WHAT YOU NEED TO DO: Return exactly the lines below, starting with the one that has "Histoire Et Description" and going on through the one that has "Cvičení pro pozdní začátečníky".

DATASET CONTENT:

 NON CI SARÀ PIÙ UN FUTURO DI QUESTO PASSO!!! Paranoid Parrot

...

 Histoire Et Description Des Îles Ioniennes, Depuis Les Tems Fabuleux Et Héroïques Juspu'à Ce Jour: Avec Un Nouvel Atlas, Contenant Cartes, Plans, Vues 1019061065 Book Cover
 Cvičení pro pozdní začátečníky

RESULT OF THE EXERCISE:
 Histoire Et Description Des Îles Ioniennes, Depuis Les Tems Fabuleux Et Héroïques Juspu'à Ce Jour: Avec Un Nouvel Atlas, Contenant Cartes, Plans, Vues 1019061065 Book Cover
 Cvičení pro pozdní začátečníky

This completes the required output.